Archive Security art8:30 p.m.

“Is it dog or human?” the officer on the other end of the line asks.

“I didn’t look that closely,” I say. “What difference does it make?”

“Ma’am, if a dog from our canine unit did his business there, we’ll clean it up. But if it’s the suspect’s, well, it’s yours.”

“Why don’t you come over here and make that determination?” There is a fifty-fifty chance, after all, that it belongs to the police department.

“Ma’am,” he gives it one last try, “I don’t have any equipment here.”

“Equipment?” I imagine a complicated canine/human feces determination/removal machine.

He sighs. “Do you have a dustpan and a broom or some kind of shovel?”

“You bet,” I say. I am the mother of two boys and the ex-wife of an alcoholic drug-addict; I am well equipped to deal with shit.

The officer arrives in less than ten minutes. My children and I live only six blocks from the police station in Albany, California, a small town well known in the San Francisco Bay area for good schools and top-notch community services. A national newsmagazine once published an article commending the Albany Police Department’s community involvement. I appreciate this. I live here because I want to feel safe.

 

backtrack 4:00 p.m.

My neighborhood’s streets are named after presidents: Buchanan, Taylor, Jackson, Fillmore, and Polk. On my way home from work, I stop for groceries then drive down Buchanan Street past the police station. I notice that the entire street is lined with police officers. Police in cars. Police on foot. Dogs.

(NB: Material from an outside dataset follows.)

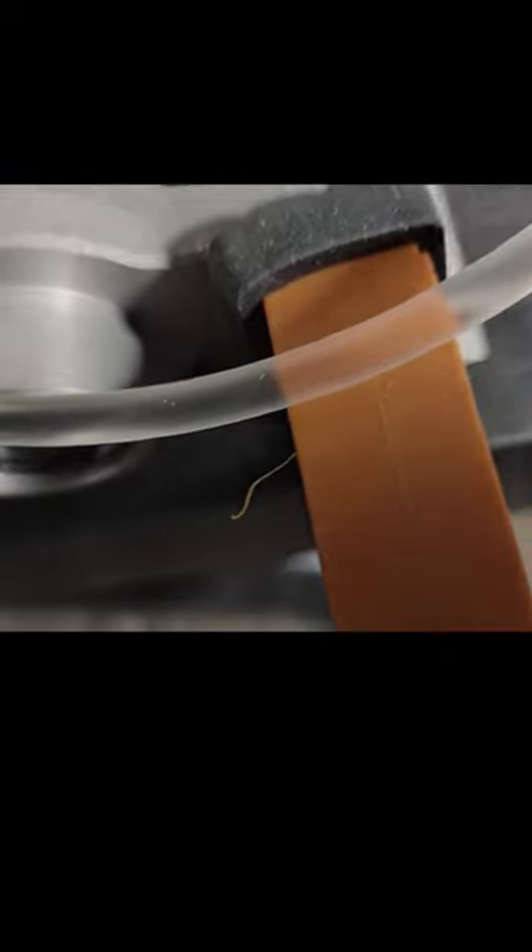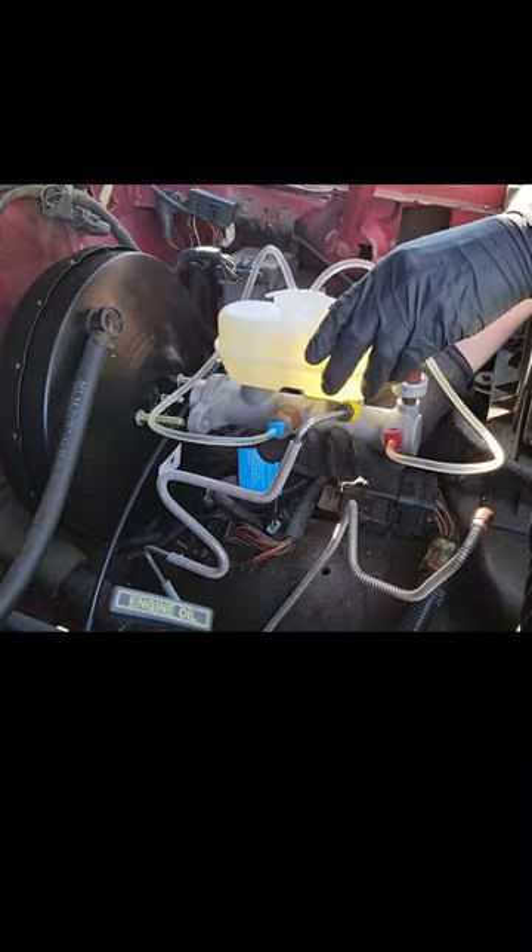That should be good. Let's take a look at the tubes and make sure we are done. As you can see there are very very tiny bubbles still in both tubes, but there aren't very many of them so this is okay with me. Once you are satisfied with how yours looks, you can install the master cylinder back on the vehicle.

I turn onto Taylor Street. There are twice as many police officers on my street as on the others. Overhead two helicopters buzz. My usually quiet neighborhood looks like the President’s parade route.

Don’t let it be me, I pray, unable to put my fear into words. It isn’t that I expect to be busted like Sarah Jane Olson for a crime committed in a long ago life. What I imagine is worse. My ex-husband is in my house—he holds the children hostage, a gun at their heads—negotiating the terms of a life he longs for but can never have.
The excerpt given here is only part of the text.